Published date: July 1, 2025
Randomized controlled trials (RCTs) have long been the gold standard in scientific research and with good reason. Their randomized nature reduces bias to provide great strength of internal validity and a rigorous means of establishing a causal relationship between an intervention and a given outcome.
At the same time, real-world evidence (RWE) offers exciting new ways to understand and analyze patients’ health, treatments and experiences. Derived from real-world data (RWD), RWE can come from a variety of sources such as electronic health records, health insurance claims and patient registries. Telemonitoring and self-management tools can provide an additional layer of understanding by collecting information about how patients actually use therapy devices or subjective patient feedback.
Real-world evidence can complement randomized controlled trials by including patient categories that may be excluded from RCTs. It may even provide insights into treatment effects in scenarios where RCTs are ethically challenging, where the patient group is too small for an RCT, or where time constraints limit the feasibility of an RCT. Assessing data from both RCTs and RWE, therefore, offers great benefit to researchers and clinicians in understanding the broader landscape in which they operate and which patients must navigate.
A study by Raynor et al1 compared real-life sleep clinic OSA patients with those included in RCTs and found that only 1 to 20% of patients in sleep clinics are typically represented in RCTs.
The sleep clinic patients tended to be younger and sleepier, were more likely to be female and were less likely to have established cardiovascular disease compared to the RCT participants.
Unlike in RCTs where patient samples are meticulously selected, RWE analysis focuses on all patients irrespective of any differences.
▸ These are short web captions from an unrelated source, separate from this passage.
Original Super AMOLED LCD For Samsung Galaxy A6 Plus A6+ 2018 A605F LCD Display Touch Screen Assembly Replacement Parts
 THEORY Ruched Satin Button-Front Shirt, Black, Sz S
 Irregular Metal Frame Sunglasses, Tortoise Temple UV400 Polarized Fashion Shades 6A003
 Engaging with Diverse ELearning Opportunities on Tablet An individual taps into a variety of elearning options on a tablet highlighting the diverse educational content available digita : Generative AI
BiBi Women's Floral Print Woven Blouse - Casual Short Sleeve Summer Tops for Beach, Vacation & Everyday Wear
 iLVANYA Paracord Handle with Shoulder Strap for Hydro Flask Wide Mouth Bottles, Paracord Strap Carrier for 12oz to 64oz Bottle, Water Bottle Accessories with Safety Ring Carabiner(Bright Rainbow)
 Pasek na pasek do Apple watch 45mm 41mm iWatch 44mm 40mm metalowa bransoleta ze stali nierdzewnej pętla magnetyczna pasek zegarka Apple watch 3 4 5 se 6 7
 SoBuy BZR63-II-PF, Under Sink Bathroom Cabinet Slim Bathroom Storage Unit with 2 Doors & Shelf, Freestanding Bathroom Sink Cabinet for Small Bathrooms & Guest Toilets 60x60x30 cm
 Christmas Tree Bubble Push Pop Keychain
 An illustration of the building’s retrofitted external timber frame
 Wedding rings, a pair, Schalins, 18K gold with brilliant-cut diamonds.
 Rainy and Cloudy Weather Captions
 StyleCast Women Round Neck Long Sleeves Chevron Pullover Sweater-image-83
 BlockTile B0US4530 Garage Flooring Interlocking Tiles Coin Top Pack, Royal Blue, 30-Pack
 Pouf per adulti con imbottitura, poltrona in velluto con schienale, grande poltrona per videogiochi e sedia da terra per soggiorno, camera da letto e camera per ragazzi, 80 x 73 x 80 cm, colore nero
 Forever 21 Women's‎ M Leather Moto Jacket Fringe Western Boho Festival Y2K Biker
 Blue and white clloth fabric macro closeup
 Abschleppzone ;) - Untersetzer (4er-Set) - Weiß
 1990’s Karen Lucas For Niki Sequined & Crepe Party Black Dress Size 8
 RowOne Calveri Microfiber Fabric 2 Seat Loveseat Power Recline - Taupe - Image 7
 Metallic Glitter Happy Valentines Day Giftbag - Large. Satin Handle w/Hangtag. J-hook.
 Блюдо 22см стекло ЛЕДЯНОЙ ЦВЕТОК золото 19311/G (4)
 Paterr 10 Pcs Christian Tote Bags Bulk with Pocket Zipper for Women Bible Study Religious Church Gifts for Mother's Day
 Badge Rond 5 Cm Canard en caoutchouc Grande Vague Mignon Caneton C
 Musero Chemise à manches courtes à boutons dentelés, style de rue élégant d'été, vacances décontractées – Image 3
Evaluating data from both forms of research not only encapsulates more patients but also blends theory and practice for a more complete view.
As the broad scope of RWE could potentially skew findings, RWEs often employ a technique called propensity score matching2 to counteract selection bias and effectively assess the effect of an intervention. It works by dividing the study population into two groups that share a large number of similar characteristics, reducing the differences between the control group and the intervention group.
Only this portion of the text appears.